Malheureusement, les tensions politiques ont créé beaucoup d’incertitude auprès des entreprises qui deviennent plus défensives. Certaines affichent des baisses de profit, des mises à pied, des fermetures. Je suis moi-même à risque de perdre mon emploi et le plus ironique, c’est que l’action de mon entreprise a baissé de valeur aussi. Mon action à 1 600$ est rendue à 1 300$, donc j’ai perdu la moitié de mon profit. Certains me disent de tenir bon et de continuer à investir dans des entreprises fortes dont la valeur a diminué récemment, mais je ne suis plus certain de vouloir investir en bourse. Je le sens, «Cette fois c’est différent» (biais).

Conclusion

Des erreurs en bourse, nous allons tous en faire. L’humain, le marché, la vie sont imparfaits (wow c’est deep ça). Cela ne doit pas nous décourager d’investir, parce que la bourse est un formidable outil pour tendre vers l’indépendance financière. L’important c’est d’apprendre à bien se connaître et de mettre en place des stratégies qui nous protègent de nous-même et de nos biais.
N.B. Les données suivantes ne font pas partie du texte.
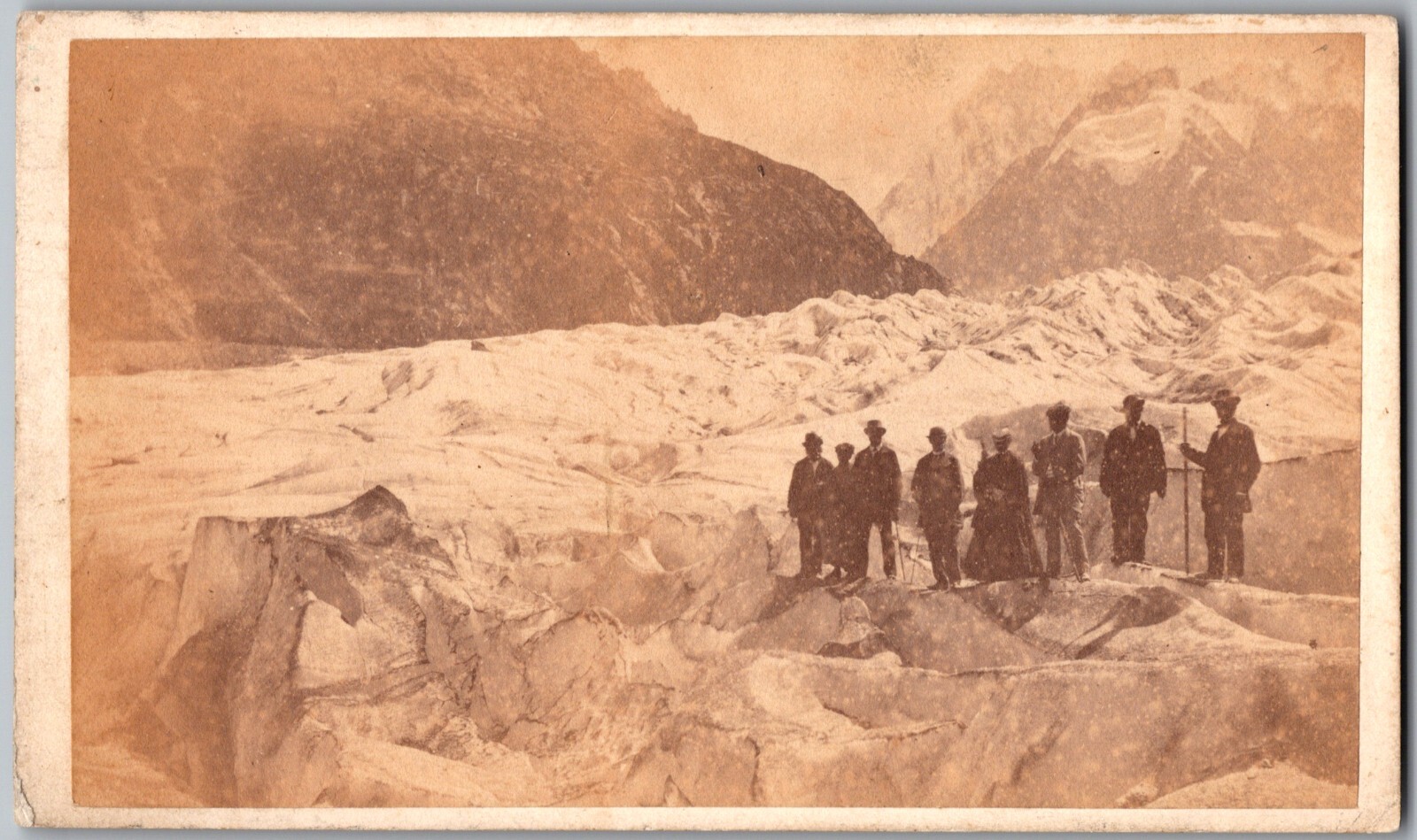 CDV c1860s EARLY ALPINE EXPLORERS CROSSING MER DE GLACE GLACIER CHAMONIX FRANCE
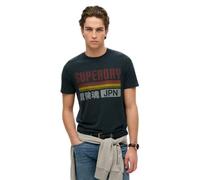 Superdry Herren Lässiges Japan T-Shirt mit Streifen Finster Marineblau L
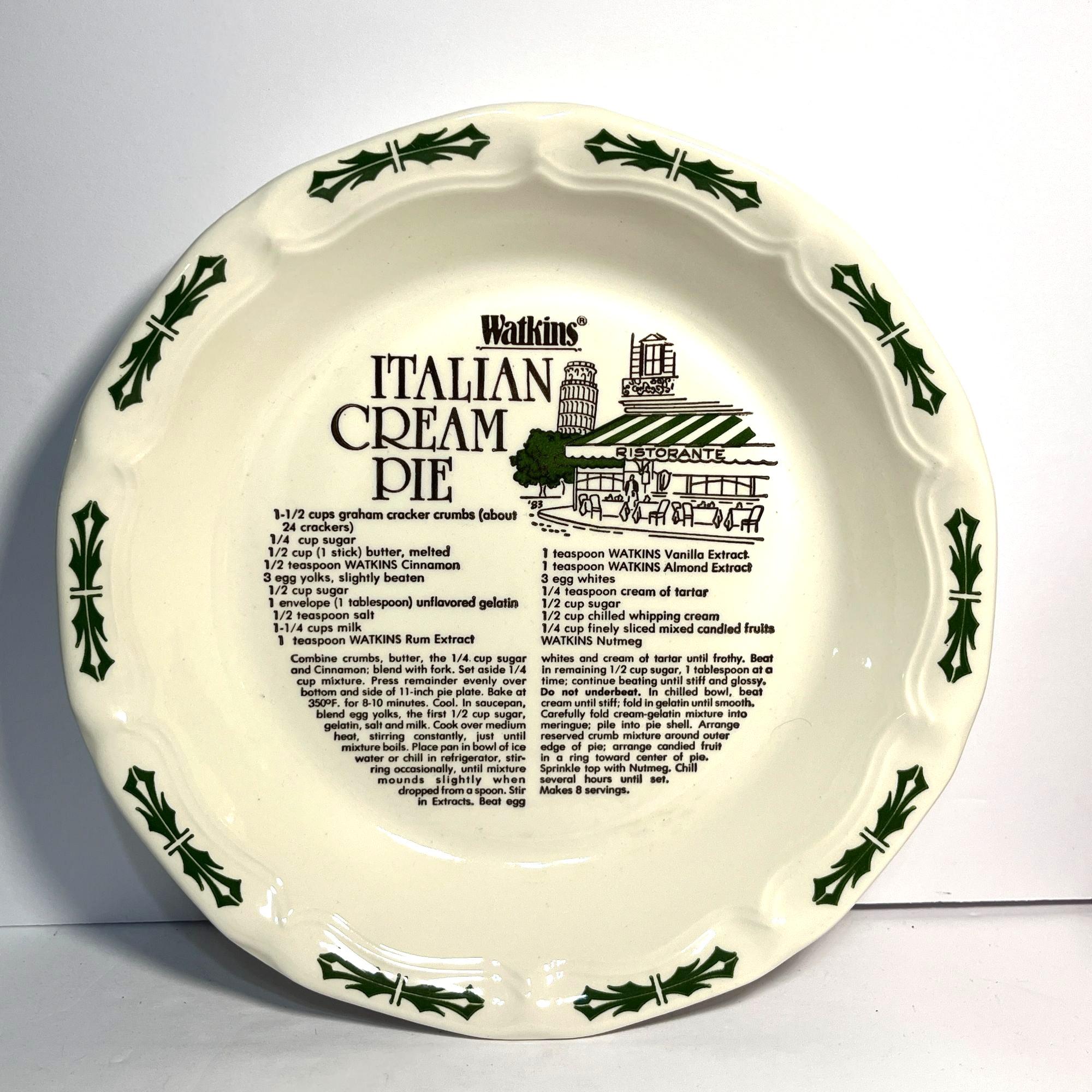 鏡餅　アメリカ　イタリア Watkins Italian Cream Pie Recipe Plate 1983 - Etsy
Voici quelques stratégies que vous pouvez appliquer afin de vous protéger contre les biais cognitifs en bourse :

  • Faire votre profil d’investisseur : Exposez-vous au risque que vous êtes prêts à tolérer pour réduire vos probabilités de faire des actions impulsives sous l’effet du stress. Bref, ne risquez pas d’argent dont vous avez besoin rapidement.
  • Pratiquer l’épargne systématique : Bon temps, mauvais temps, mettez un petit montant de côté vers votre portefeuille boursier afin de lisser votre prix d’entrée et éviter de «timer le marché». Ça atténue les montagnes russes.
  • Créer des règles d’investissement : Analyse d’achat, diversification cible, et déclencheur de rééquilibrage dans votre portefeuille vont vous dire quand acheter et vendre ainsi que ce que devrais contenir votre portefeuille. Votre sentiment peut changer, mais vos règles resteront les mêmes et vous aideront à garder le cap.
  • Garder une part de doute raisonnable : Développez votre esprit critique, exposez-vous à des avis contraires, et partez du principe que, tôt ou tard, vous allez vous tromper. L’erreur est humaine.
  • S’instruire des erreurs des autres : On n’est pas obligé de perdre de l’argent pour apprendre, apprenez d’autres investisseurs qui ont réussi, mais qui sont assez humbles pour admettre leurs erreurs. J’ai beaucoup aimé la vidéo de Graham Stephan [eng]🔗 à ce sujet.